[[ Supplied entries open ]]
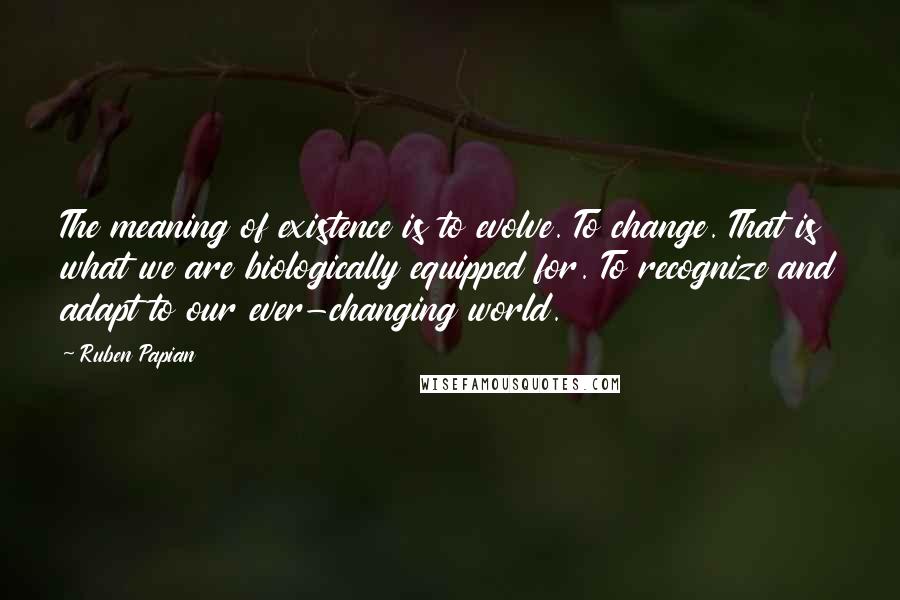 Ruben Papian Quotes: The meaning of existence is to evolve. To change. That is what we are biologically equipped for. To recognize and adapt to our ever-changing world.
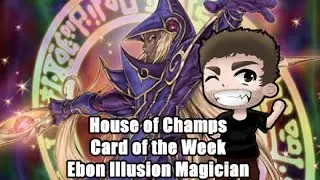 House of Champs Card of the Week - Ebon Illusion Magician w/ Pendulum Magicians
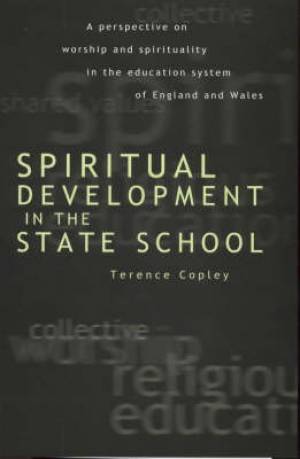 Spiritual Development In The State School By Terence Copley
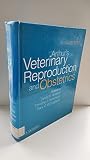 Arthur's Veterinary Reproduction and Obstetrics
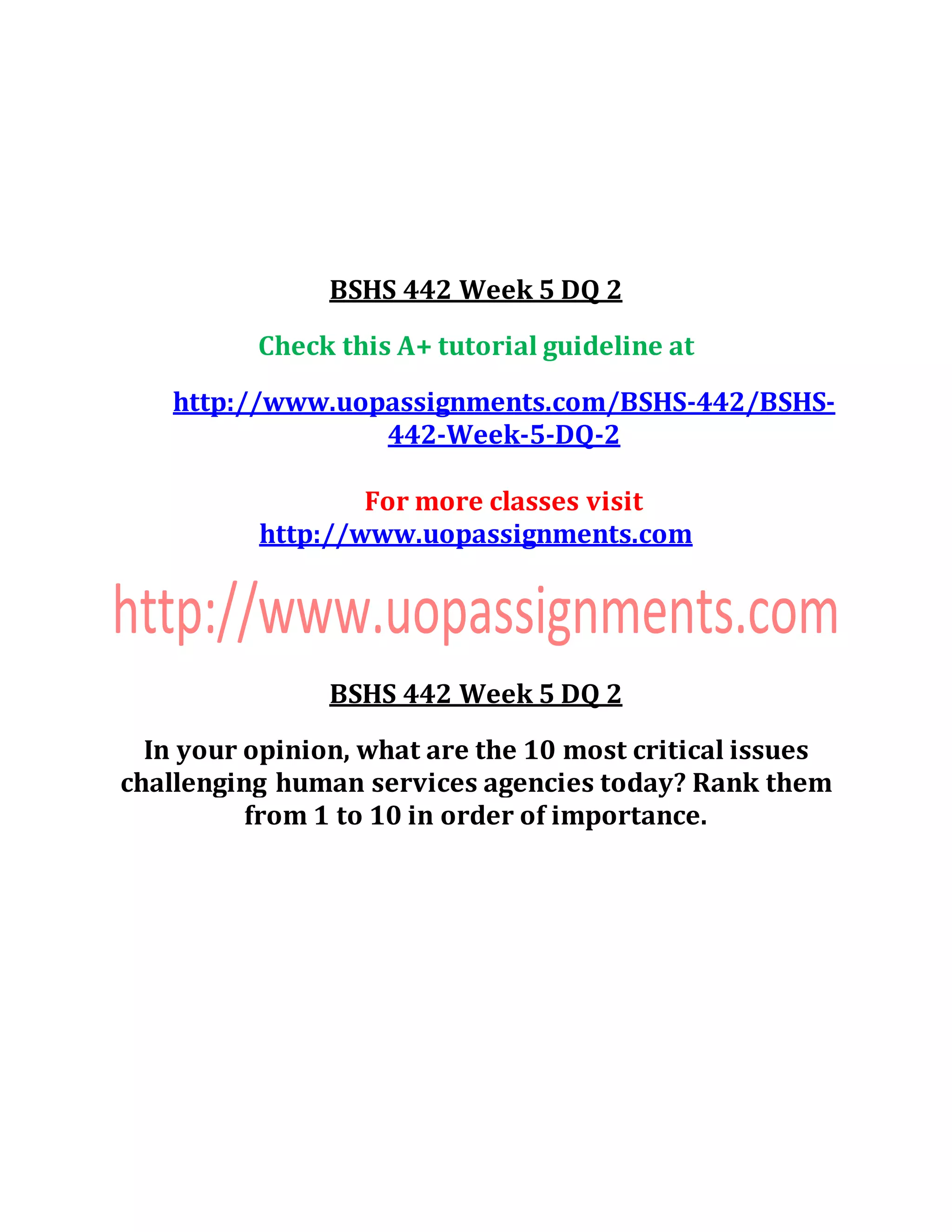 BSHS 442 Week 5 DQ 2
Check this A+ tutorial guideline at
http://www.uopassignments.com/BSHS-442/BSHS-
442-Week-5-DQ-2
For more classes visit
http://www.uopassignments.com
BSHS 442 Week 5 DQ 2
In your opinion, what are the 10 most critical issues
challenging human services agencies today? Rank them
from 1 to 10 in order of importance.
 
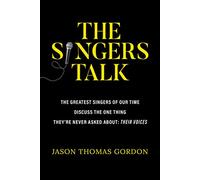 The Singers Talk : The Greatest Singers of Our Time Discuss the One Thing They're Never Asked About: Their Voices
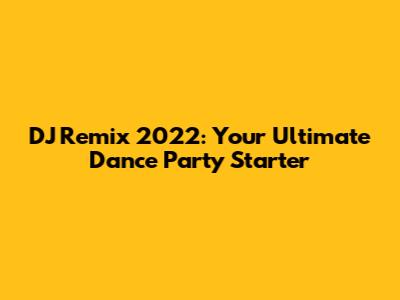 DJ Remix 2022: Your Ultimate Dance Party Starter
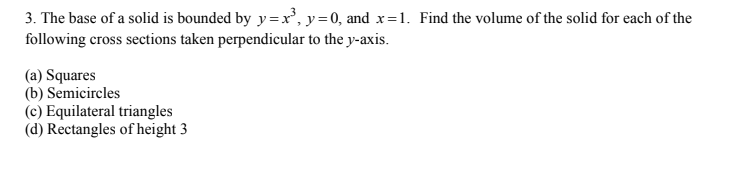 Solved The base of a solid is bounded by y=x3,y=0, ﻿and x=1. | Chegg.com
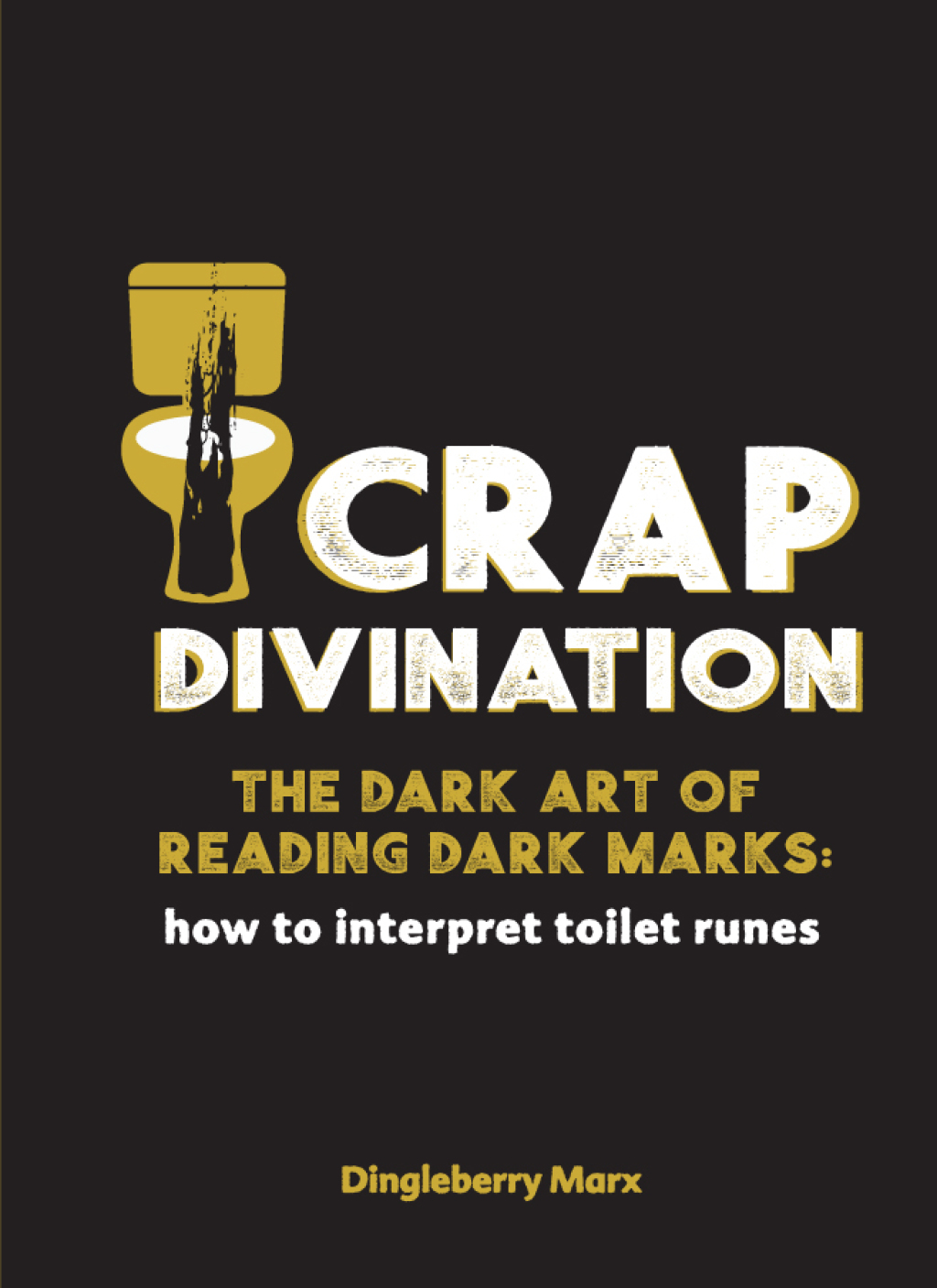 Crap Divination The Dark Art of Reading Dark Marks: How to Interpret Toilet Runes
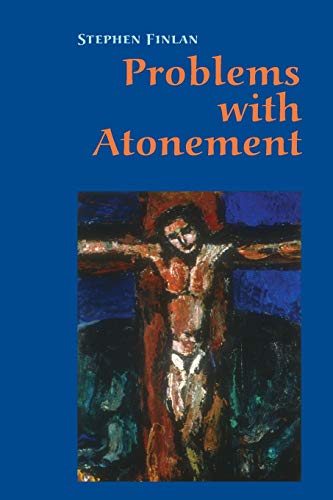Beispielbild fr Problems With Atonement: The Origins of, and Controversy about, the Atonement Doctrine zum Verkauf von Dream Books Co.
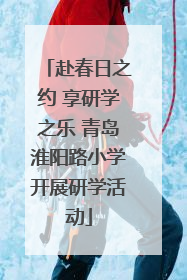 赴春日之约 享研学之乐 青岛淮阳路小学开展研学活动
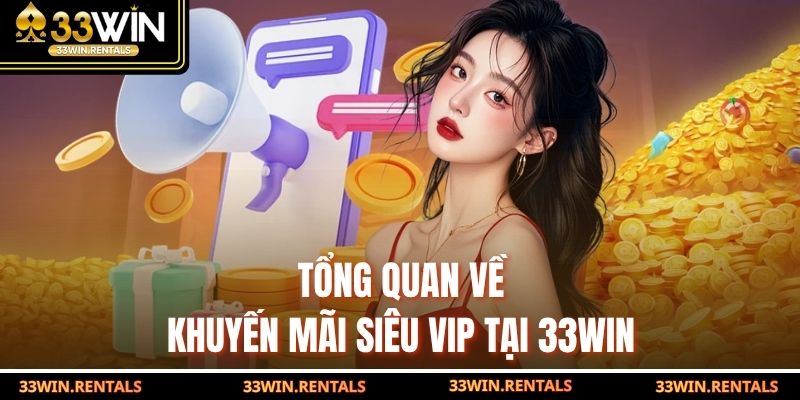 Tổng quan về khuyến mãi siêu VIP tại 33WIN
[[ Supplied entries closed ]]
Task brief
Return every entry exactly, dropping the pictures.

Expected answer
 Ruben Papian Quotes: The meaning of existence is to evolve. To change. That is what we are biologically equipped for. To recognize and adapt to our ever-changing world.
 House of Champs Card of the Week - Ebon Illusion Magician w/ Pendulum Magicians
 Spiritual Development In The State School By Terence Copley
 Arthur's Veterinary Reproduction and Obstetrics
 BSHS 442 Week 5 DQ 2
Check this A+ tutorial guideline at
http://www.uopassignments.com/BSHS-442/BSHS-
442-Week-5-DQ-2
For more classes visit
http://www.uopassignments.com
BSHS 442 Week 5 DQ 2
In your opinion, what are the 10 most critical issues
challenging human services agencies today? Rank them
from 1 to 10 in order of importance.
 
 The Singers Talk : The Greatest Singers of Our Time Discuss the One Thing They're Never Asked About: Their Voices
 DJ Remix 2022: Your Ultimate Dance Party Starter
 Solved The base of a solid is bounded by y=x3,y=0, ﻿and x=1. | Chegg.com
 Crap Divination The Dark Art of Reading Dark Marks: How to Interpret Toilet Runes
Beispielbild fr Problems With Atonement: The Origins of, and Controversy about, the Atonement Doctrine zum Verkauf von Dream Books Co.
 赴春日之约 享研学之乐 青岛淮阳路小学开展研学活动
 Tổng quan về khuyến mãi siêu VIP tại 33WIN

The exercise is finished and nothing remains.